I salted the control steak just before eating, then took alternative bites of the control and then the salted steak. The salted steak WAS salty, and the garlic had penetrated all through the meat. MHMMM. Was it more tender? Yes, it was! I didn’t think it was an astounding difference, but it WAS noticeably more tender. And on the plus side for the salted steak, the control didn’t have much garlic flavour.

But, like I said, the salted steak was salty. It was just the right amount, but leaving it covered in salt for more than 30 minutes (or using more salt) would probably have been too much.

So the results are in (yes, I know I should’ve done a double blind test to be truly scientific): salting your steaks does seem to make them more tender and flavourful. It’s worth a try if you like steak.

Braised pork with star anise and ginger

Braised pork with star aniseIt’s a good thing that there’s internets. Instead of having something interesting to say, I can tell you about something interesting I read! Look at this article on the Guardian that discusses food combinations, and check out the recipe for Braised Lamb Shoulder. Apparently star anise, when combined with onion, enhances the flavour of meat. I think some experiments are in order!

The recipe for the braised pork above was from here. The only changes I made was to substitute the dry sherry for some chinese rice wine, add another clove of garlic (we love garlic), and double the amount of soy sauce as I didn’t use stock – just water. It was a satisfying meal.

Rainy days


A big bowl of home made soup would be perfect on a rainy day like today.

No recipe, because no one needs a recipe for beef and vegetable soup. Throw whatever you have into a big pot and let it simmer.

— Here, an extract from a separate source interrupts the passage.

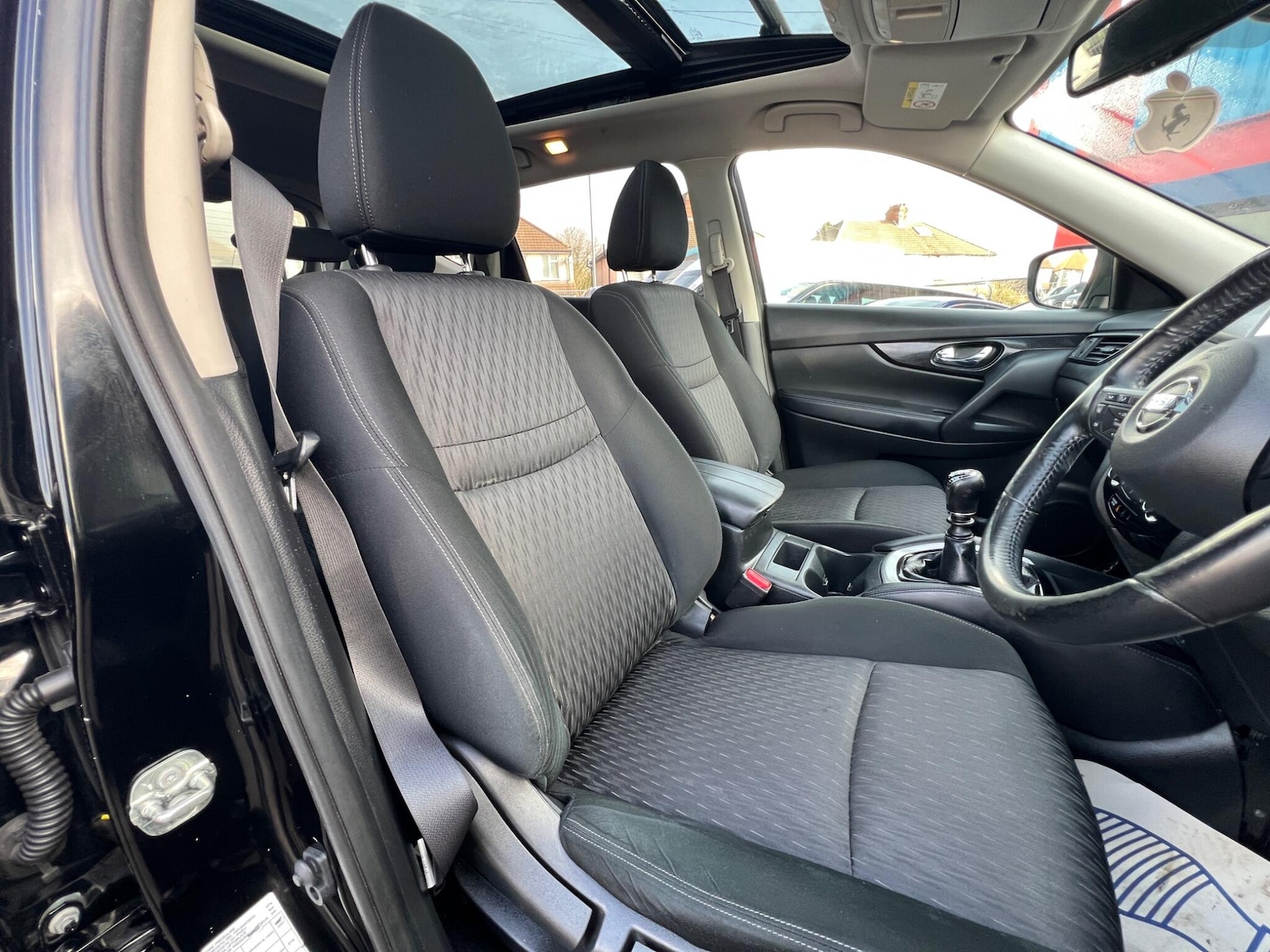 Used Nissan X-Trail 2019 for sale - 77695499: Photo 10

Soup makes me feel good about being inside on a rainy evening. I know what I’m having for dinner!

Egg Tarts

Egg tarts

My dad was a baker for a while when I was young. He rarely baked at home, but sometimes he would go a bit crazy and one of the things that he would bake was egg tarts. Dozens and dozens of egg tarts. They would line the benches, glistening and warm, and the house would be filled with their aroma.

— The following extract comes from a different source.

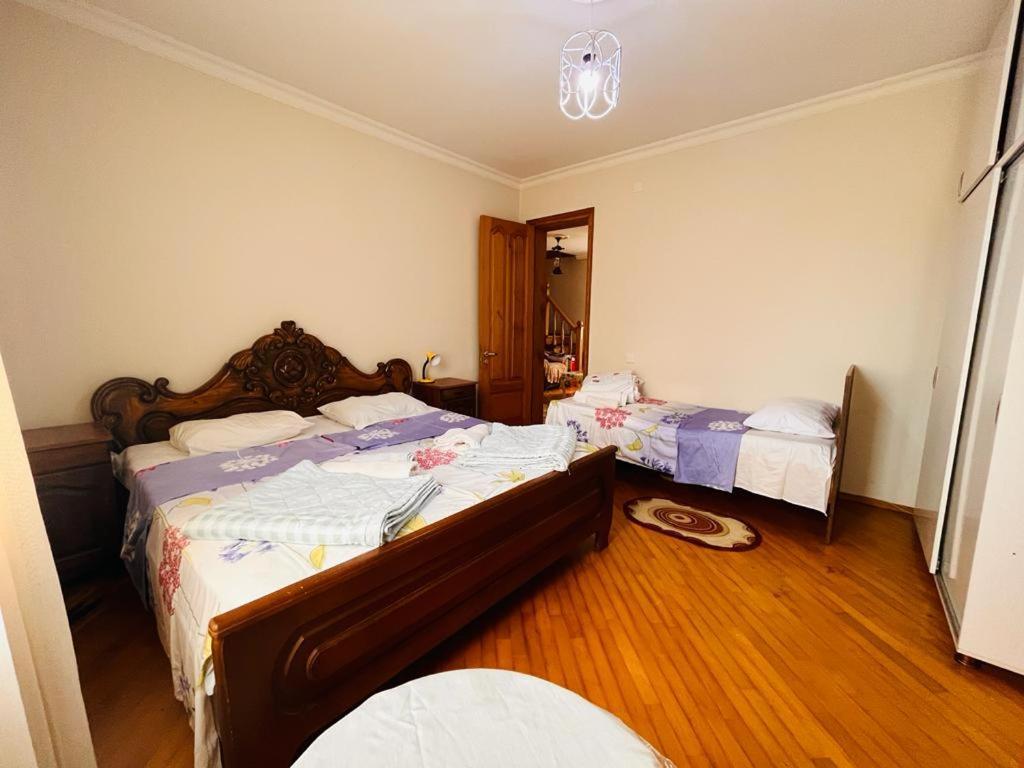 Dato'S Guesthouse 马钦加里 外观 照片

My Bro and I never appreciated them and would only eat a few. “Not MORE egg tarts,” we would proclaim, as if egg tarts just fell from the sky. Gosh it can be hard to impress young children.

Now that I think back, I want to smack my younger self. How could I have not appreciated them at the time? I LOVE egg tarts. I should have always loved egg tarts. No yum cha visit is complete without finishing off with their sweet eggy goodness.

I didn’t bake the tarts above – they’re from Maxim’s. But I did eat them (all of them…. ahem), and to make up for past sins I made sure that I appreciated every bite!

Yet another food blog

The calmness of green

I love thinking, reading, and talking about food. I love making and photograph it too, so now I’m going to have a shot at writing about it.

This could either further my obsession or bore me within a week.